Theoretically, the approach advances compiler optimization beyond static heuristics and black-box search by operationalizing semantic reasoning over structured compiler artifacts and runtime feedback. The multi-agent design, role specialization, and iterative correction embody a shift toward explainable, adaptive optimization frameworks that integrate both domain knowledge and empirical evidence.
The system's capacity for architecture-aware adaptation and selective optimization highlights deep potential for LLM-based frameworks to efficiently navigate sparsely effective regions of compiler optimization space, sidestepping exhaustive enumeration and profile overfitting.

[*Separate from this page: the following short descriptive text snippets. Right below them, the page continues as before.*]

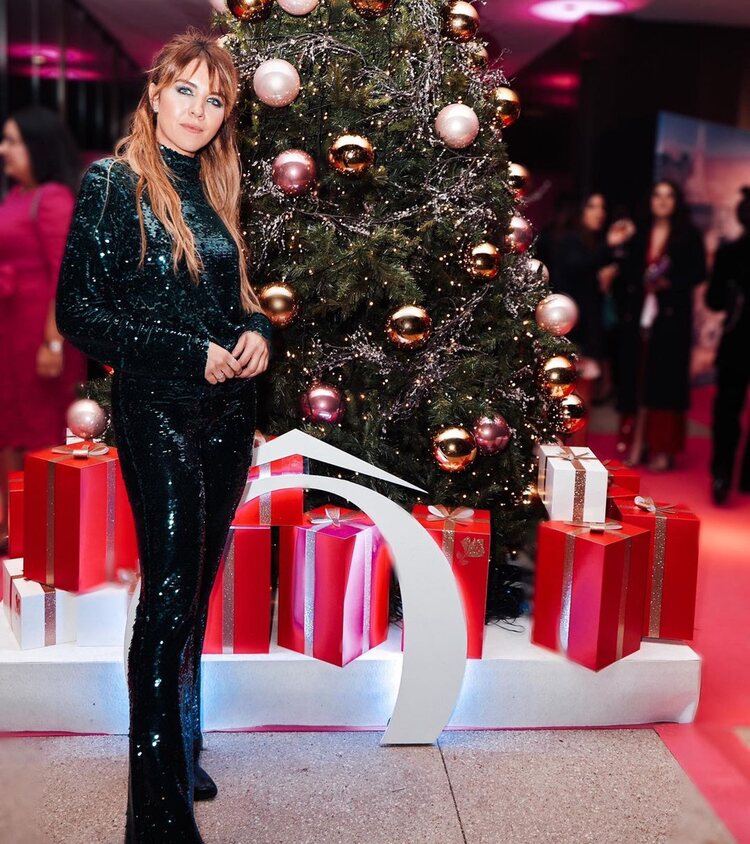 Andrea Guasch con un conjunto de Zara en un evento navideño de Lancôme
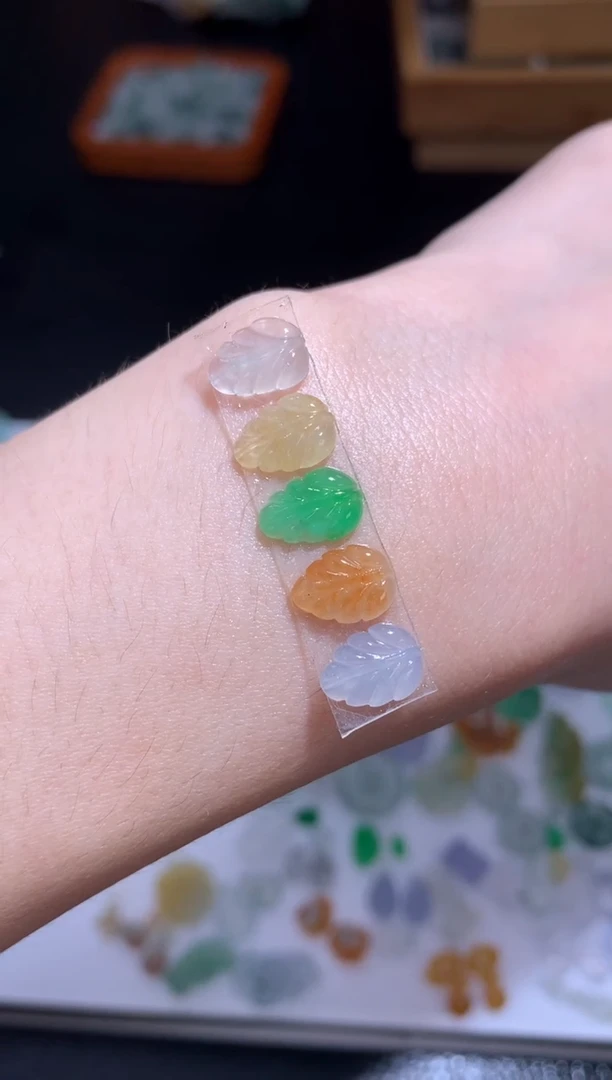 未镶嵌定制翡翠叶子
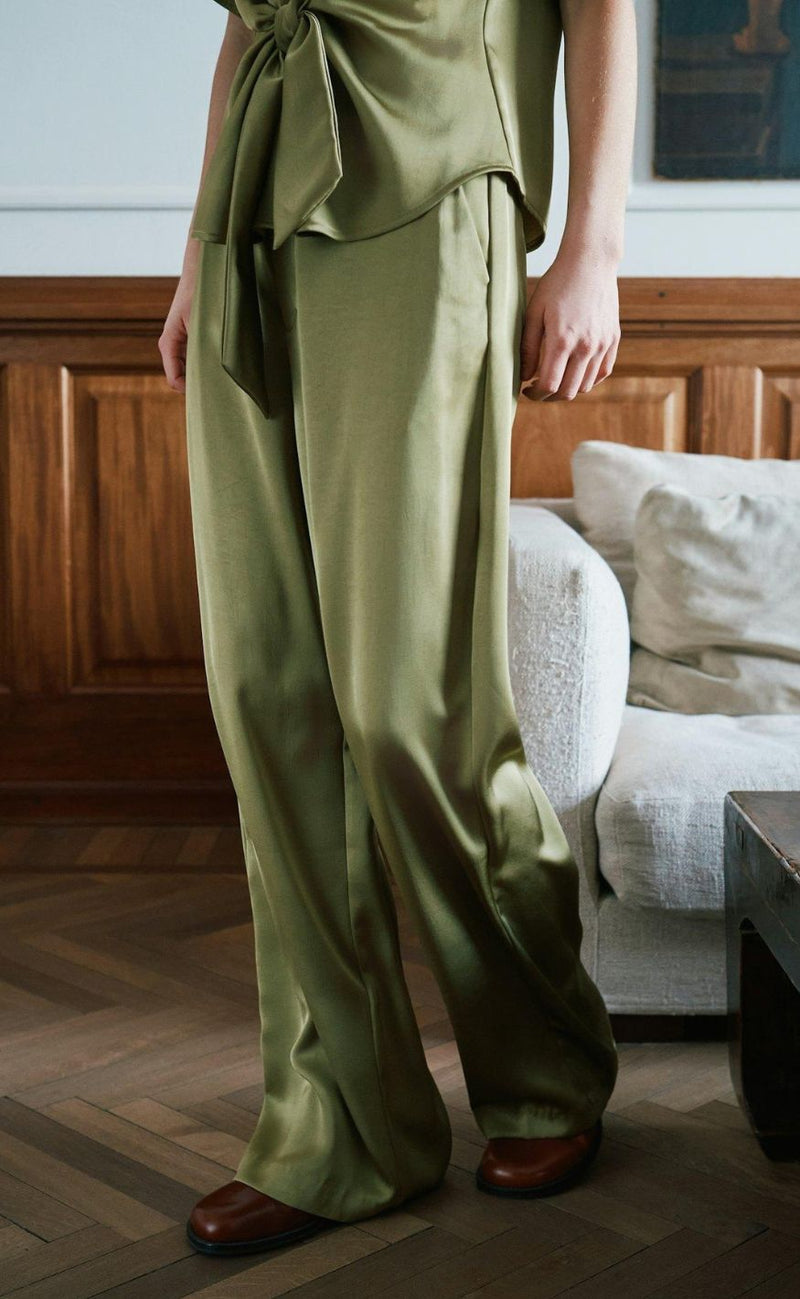 Neo Noir Bukser - Emmett Heavy Sateen - Sage Green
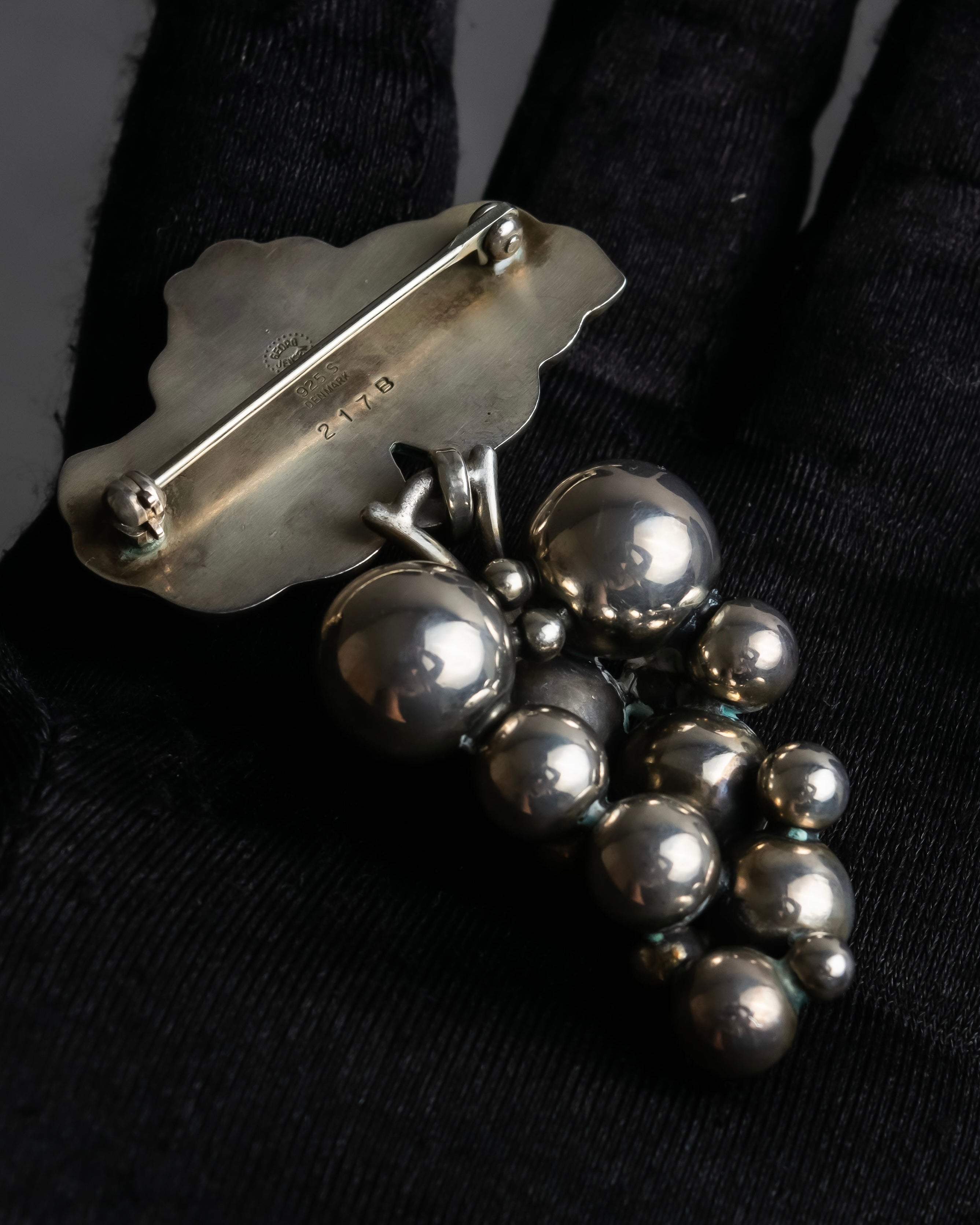 "GEORG JENSEN" Grape cluster motif silver 925 brooch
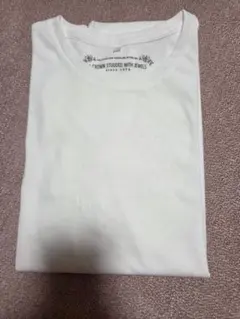 セシールのTシャツ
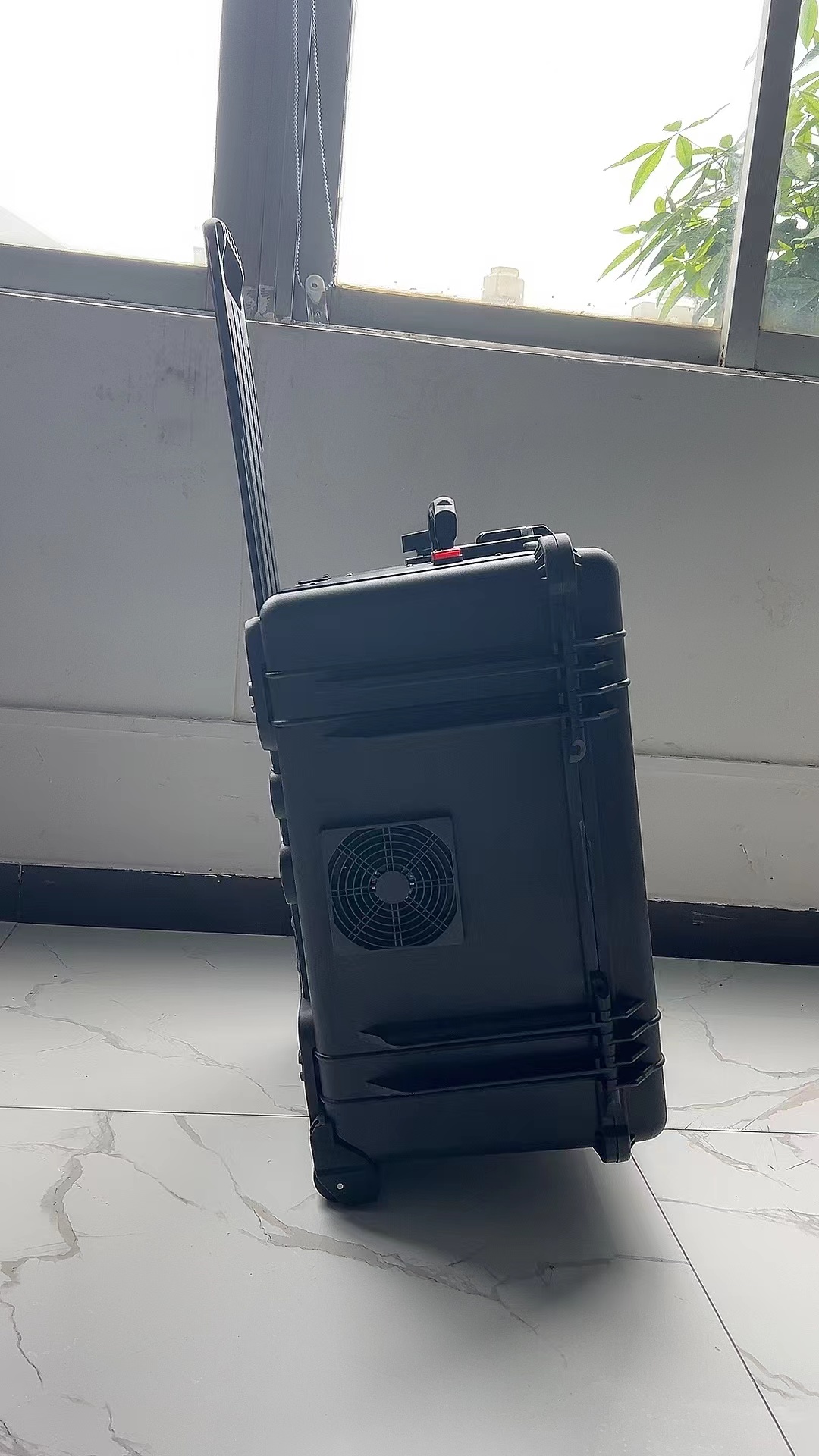 合作手拉箱型移动通信干扰器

Speculation on Future Developments
Future work may extend AutoPass with fine-grained cost modeling for cross-objective optimization (e.g., energy, code size), integration with verification-guided LLM approaches for stronger correctness guarantees, and scaling to distributed compilation environments. Additional advances may arise from improved semantic IR analysis, hybrid training regimes, or agentic pipelines combining symbolic reasoning with generative model outputs. Further exploration into explainability, trustworthiness, and robust deployment in safety-critical or real-time systems is warranted.
Conclusion
AutoPass introduces a multi-agent, evidence-guided LLM workflow for compiler performance tuning that surpasses classical auto-tuning and industrial PGO approaches under realistic constraints. Its interpretable, inference-only methodology, coupled with feedback-driven refinement, sets a technical precedent for future integration of LLMs into practical software optimization systems. The demonstrated adaptability, robustness, and explainability mark an important step in bridging semantic reasoning and empirical performance tuning in compiler design (2606.20373).